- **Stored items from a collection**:
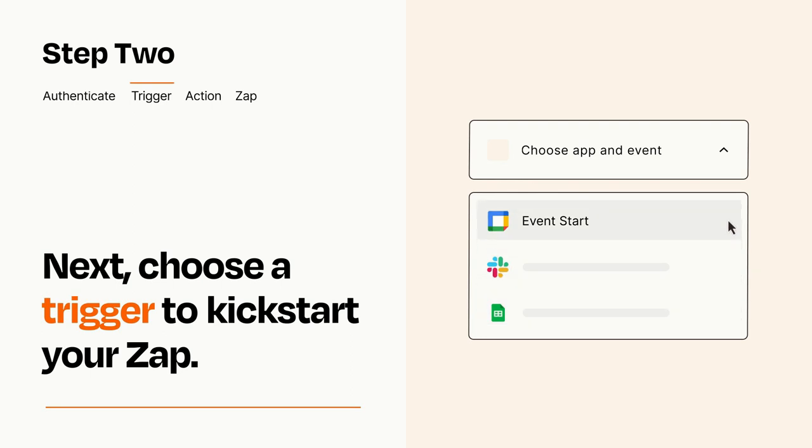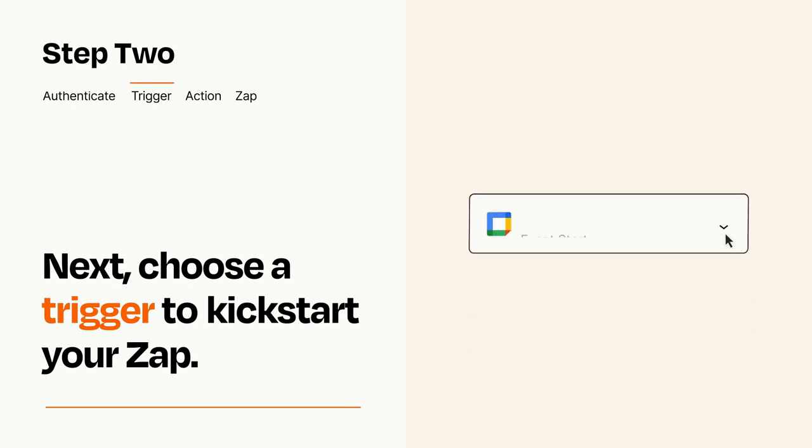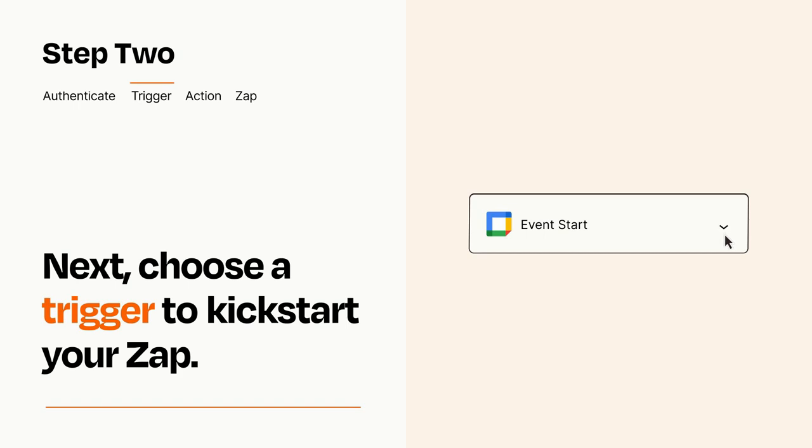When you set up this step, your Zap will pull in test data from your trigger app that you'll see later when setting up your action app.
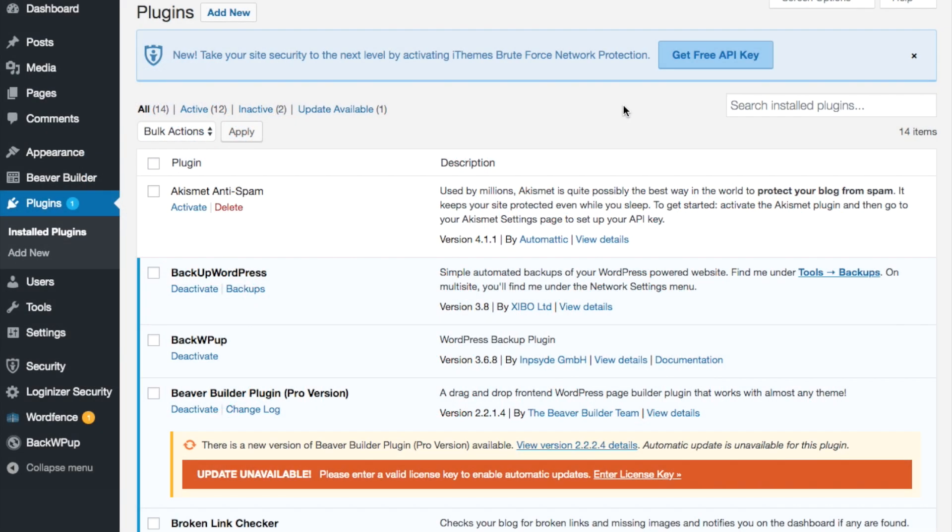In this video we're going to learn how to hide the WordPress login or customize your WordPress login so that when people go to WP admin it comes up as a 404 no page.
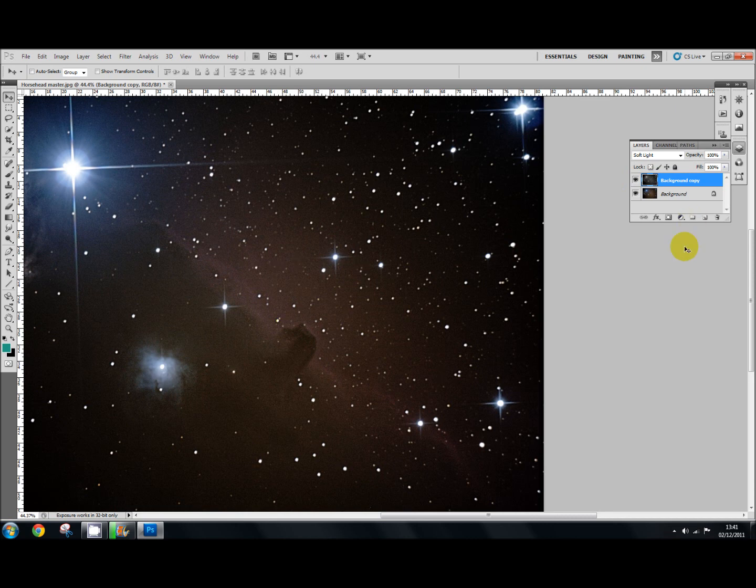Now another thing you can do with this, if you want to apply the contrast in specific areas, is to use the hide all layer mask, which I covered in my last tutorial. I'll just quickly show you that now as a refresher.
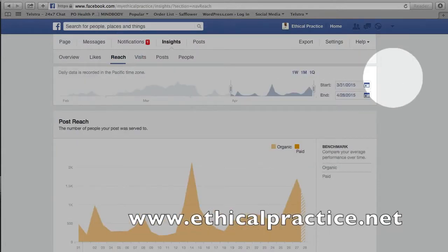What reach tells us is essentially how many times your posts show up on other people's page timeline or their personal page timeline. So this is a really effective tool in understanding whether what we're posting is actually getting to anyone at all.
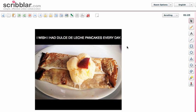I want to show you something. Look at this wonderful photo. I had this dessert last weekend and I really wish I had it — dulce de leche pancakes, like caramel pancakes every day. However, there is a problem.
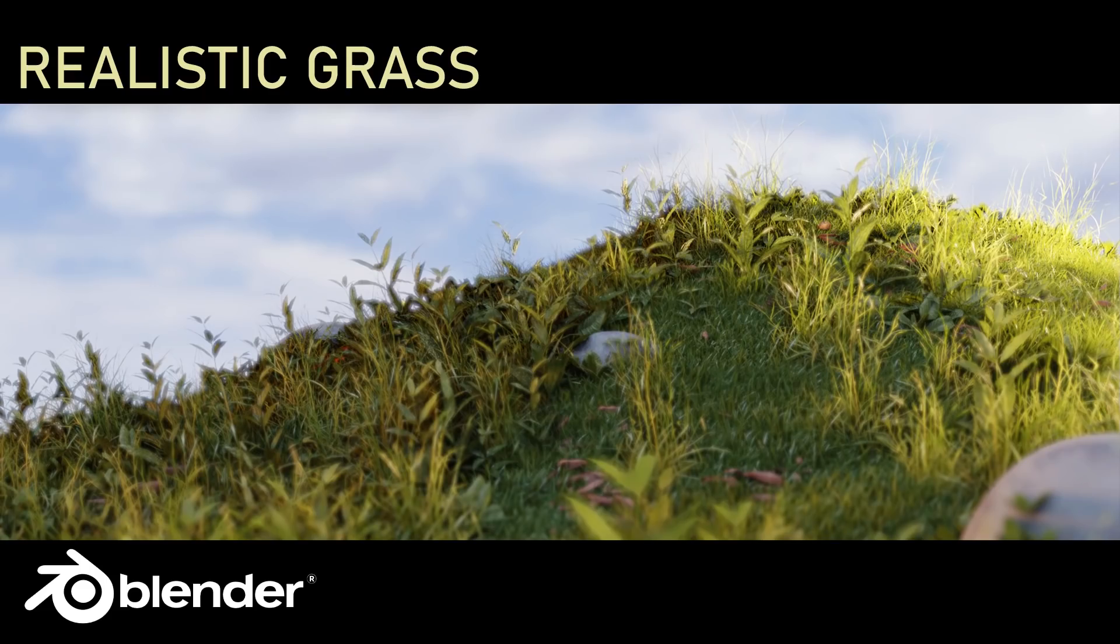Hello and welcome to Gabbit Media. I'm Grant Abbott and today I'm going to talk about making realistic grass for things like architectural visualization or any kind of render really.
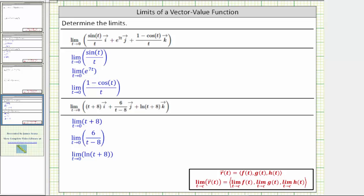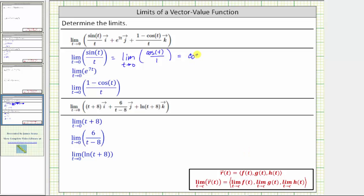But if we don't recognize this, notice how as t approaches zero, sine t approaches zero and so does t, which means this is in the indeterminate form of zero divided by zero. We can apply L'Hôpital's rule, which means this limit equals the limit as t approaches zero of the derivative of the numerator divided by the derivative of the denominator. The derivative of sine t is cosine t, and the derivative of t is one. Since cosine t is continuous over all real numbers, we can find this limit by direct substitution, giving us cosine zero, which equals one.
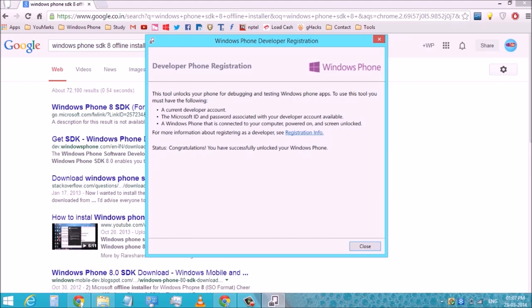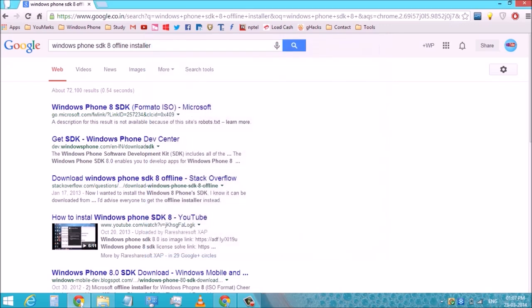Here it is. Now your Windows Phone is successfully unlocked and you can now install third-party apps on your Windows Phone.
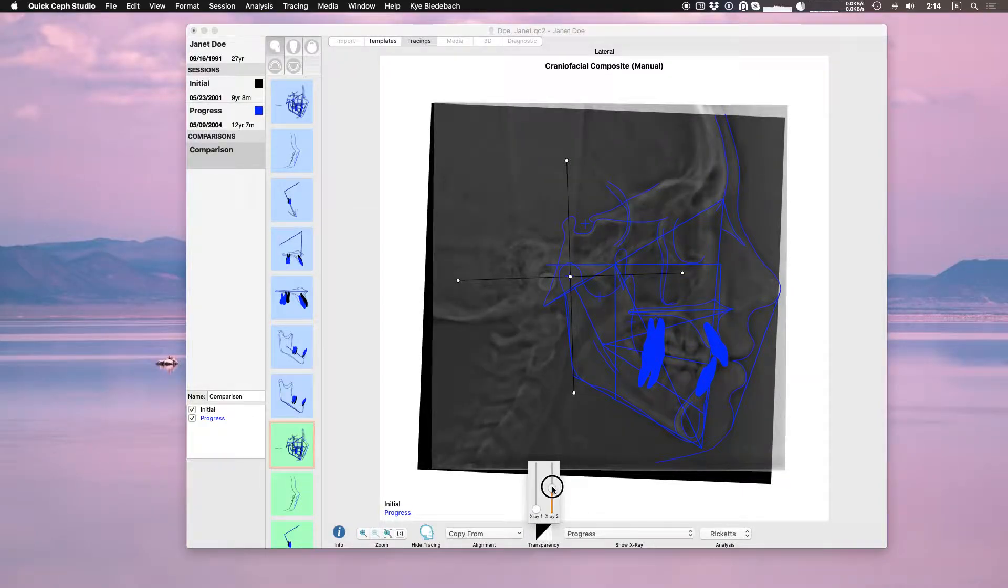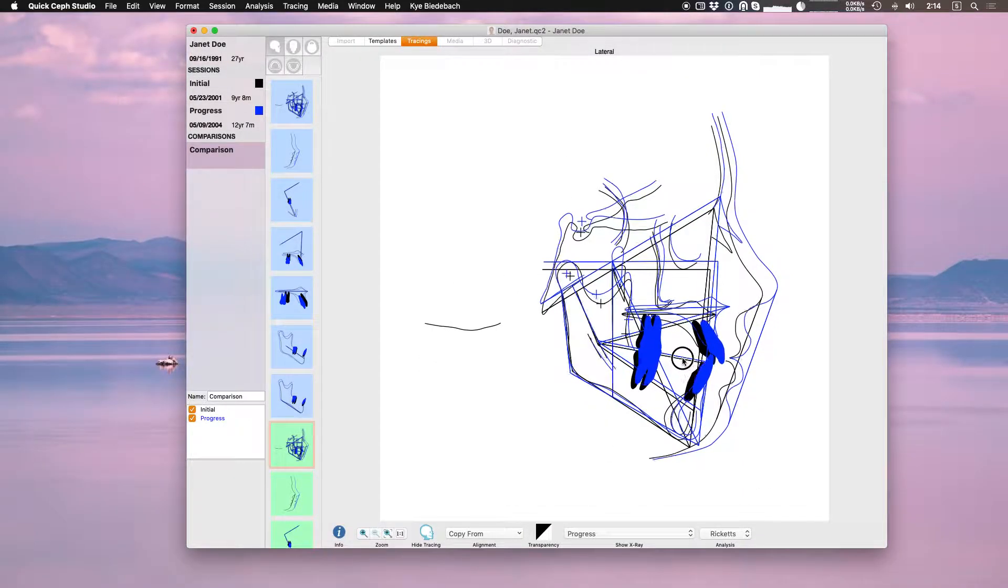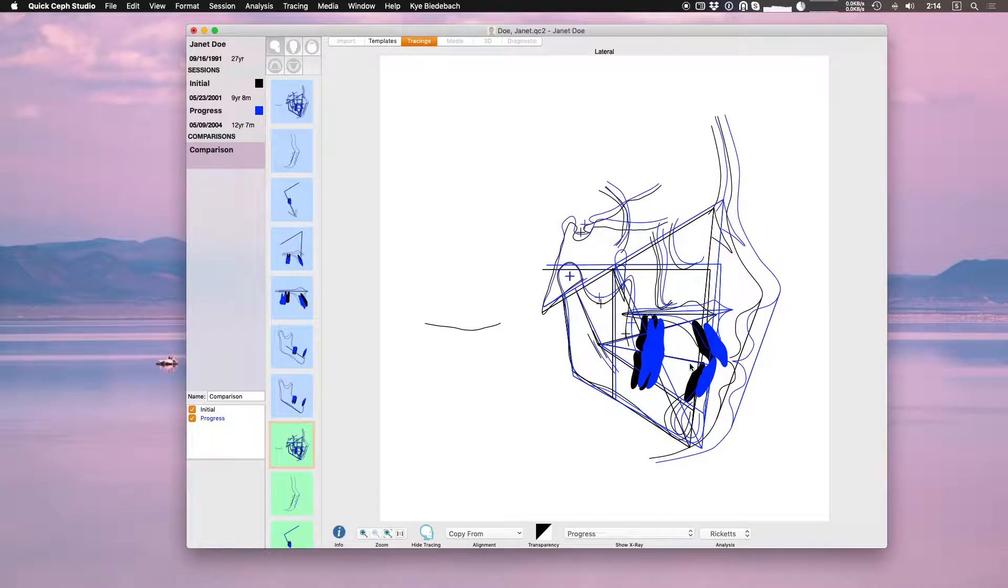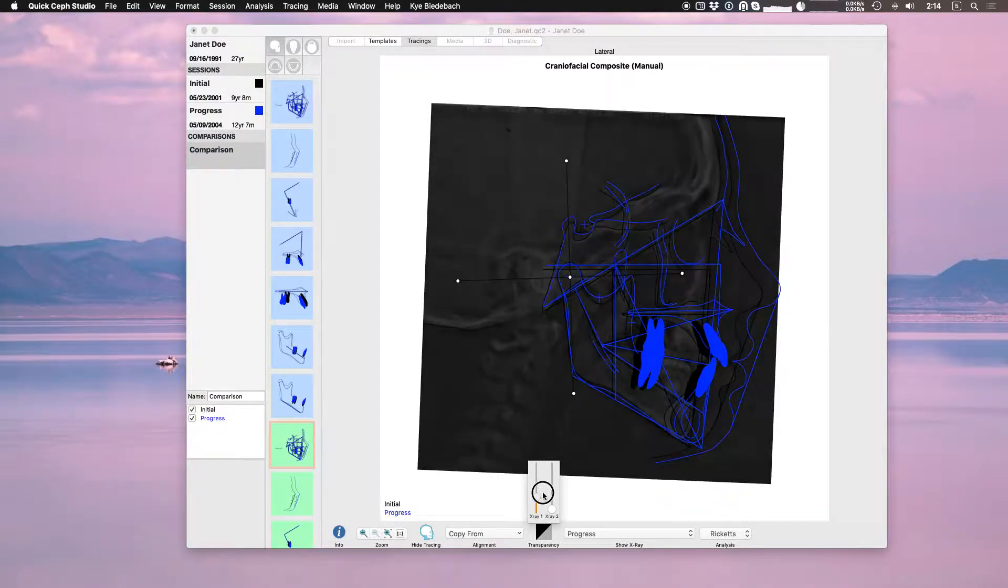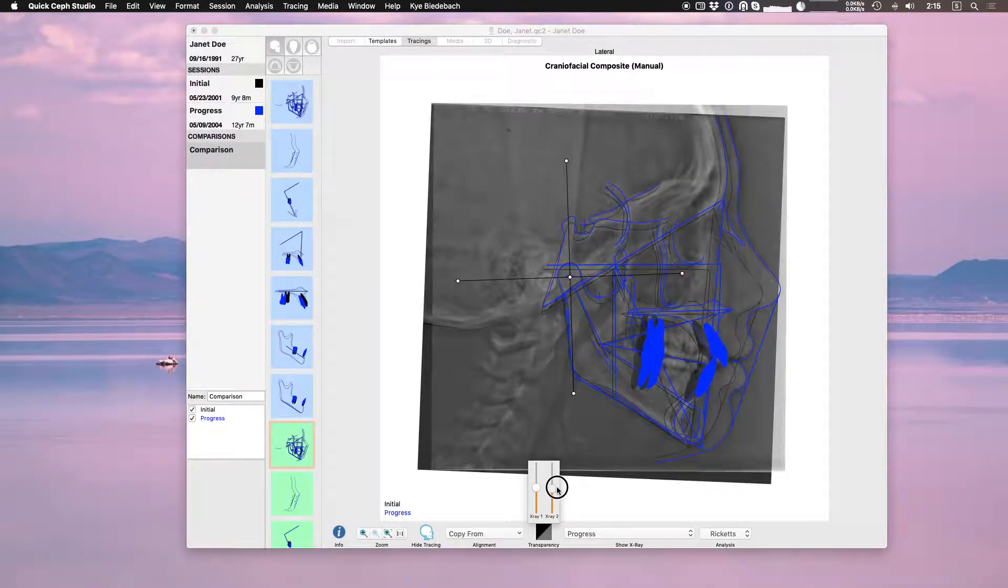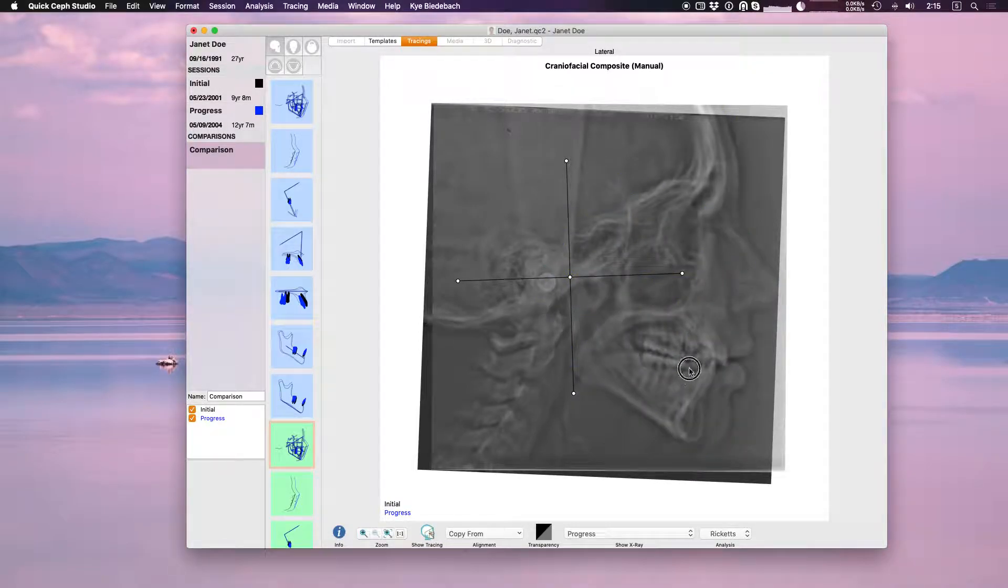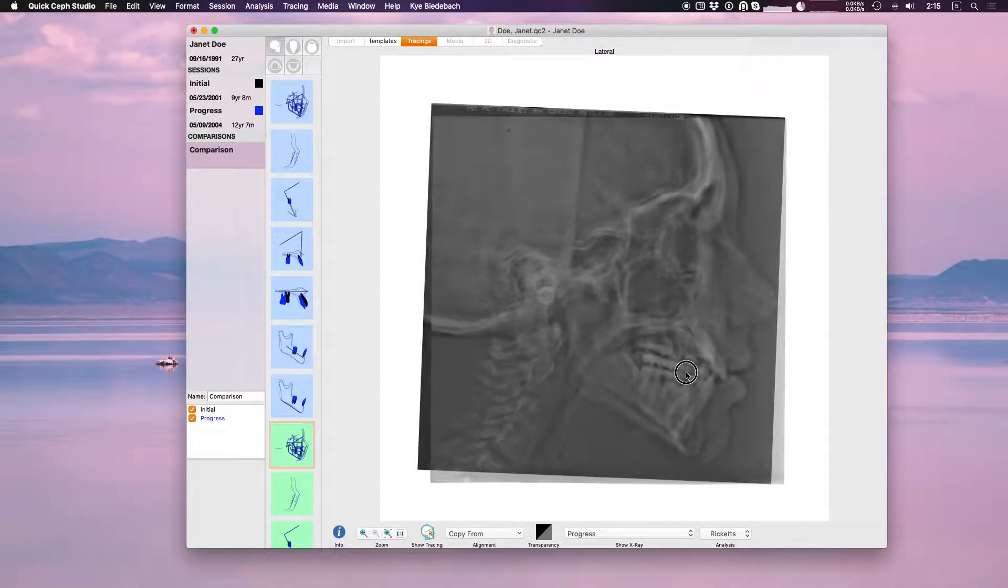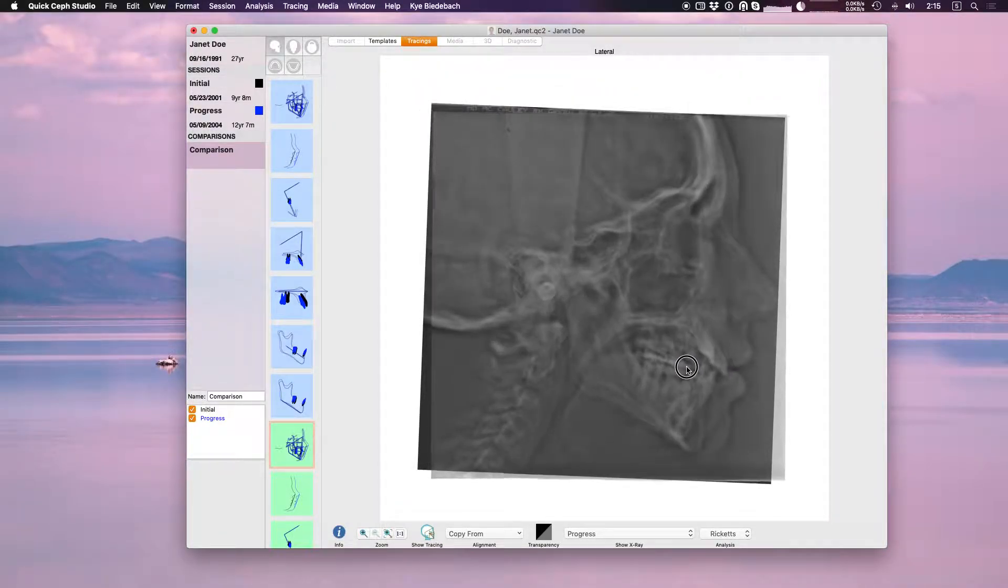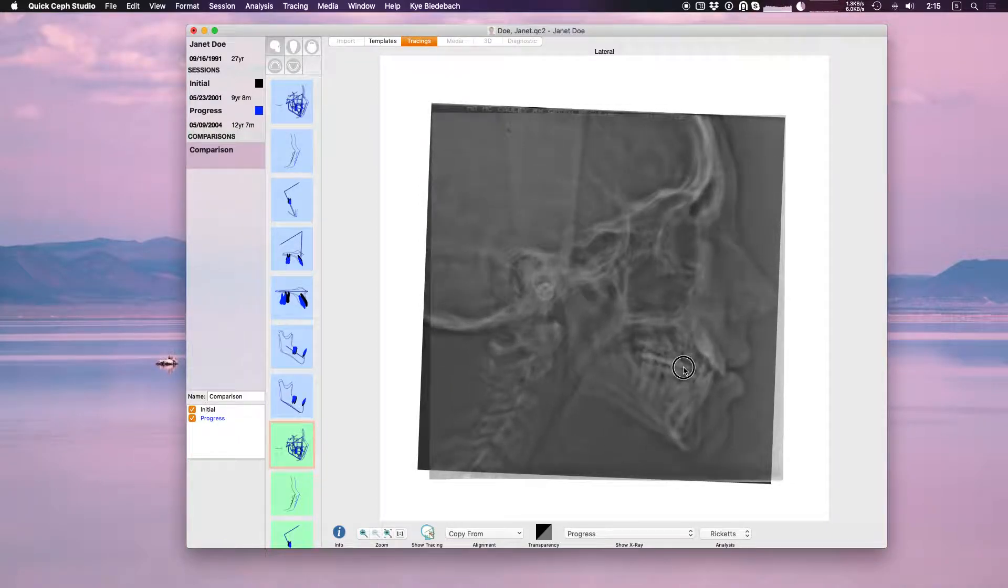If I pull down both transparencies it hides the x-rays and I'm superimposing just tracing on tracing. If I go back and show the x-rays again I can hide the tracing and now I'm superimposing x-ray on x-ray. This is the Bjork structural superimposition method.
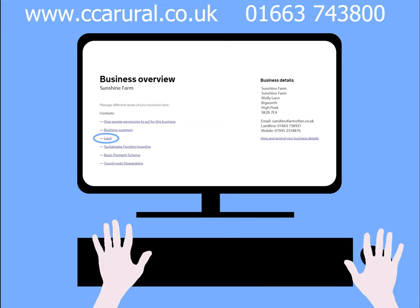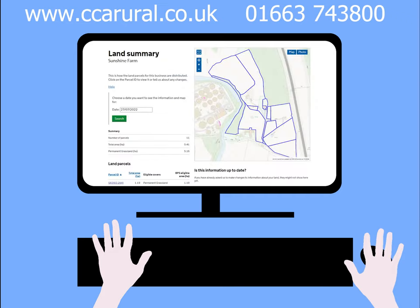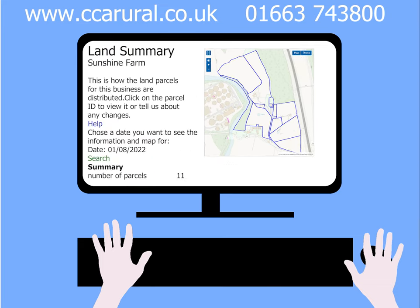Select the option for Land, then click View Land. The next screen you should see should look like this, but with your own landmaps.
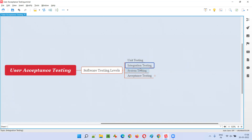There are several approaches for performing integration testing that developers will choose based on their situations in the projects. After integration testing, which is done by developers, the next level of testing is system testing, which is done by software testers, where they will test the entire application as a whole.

- **Prompt**:
Copy the records shown above in their entirety and exactly; images are to be left out.

- **The answer**:
When you set up this step, your Zap will pull in test data from your trigger app that you'll see later when setting up your action app.
In this video we're going to learn how to hide the WordPress login or customize your WordPress login so that when people go to WP admin it comes up as a 404 no page.
Now another thing you can do with this, if you want to apply the contrast in specific areas, is to use the hide all layer mask, which I covered in my last tutorial. I'll just quickly show you that now as a refresher.
What reach tells us is essentially how many times your posts show up on other people's page timeline or their personal page timeline. So this is a really effective tool in understanding whether what we're posting is actually getting to anyone at all.
I want to show you something. Look at this wonderful photo. I had this dessert last weekend and I really wish I had it — dulce de leche pancakes, like caramel pancakes every day. However, there is a problem.
Hello and welcome to Gabbit Media. I'm Grant Abbott and today I'm going to talk about making realistic grass for things like architectural visualization or any kind of render really.
But if we don't recognize this, notice how as t approaches zero, sine t approaches zero and so does t, which means this is in the indeterminate form of zero divided by zero. We can apply L'Hôpital's rule, which means this limit equals the limit as t approaches zero of the derivative of the numerator divided by the derivative of the denominator. The derivative of sine t is cosine t, and the derivative of t is one. Since cosine t is continuous over all real numbers, we can find this limit by direct substitution, giving us cosine zero, which equals one.
Here it is. Now your Windows Phone is successfully unlocked and you can now install third-party apps on your Windows Phone.
If I pull down both transparencies it hides the x-rays and I'm superimposing just tracing on tracing. If I go back and show the x-rays again I can hide the tracing and now I'm superimposing x-ray on x-ray. This is the Bjork structural superimposition method.
Select the option for Land, then click View Land. The next screen you should see should look like this, but with your own landmaps.
There are several approaches for performing integration testing that developers will choose based on their situations in the projects. After integration testing, which is done by developers, the next level of testing is system testing, which is done by software testers, where they will test the entire application as a whole.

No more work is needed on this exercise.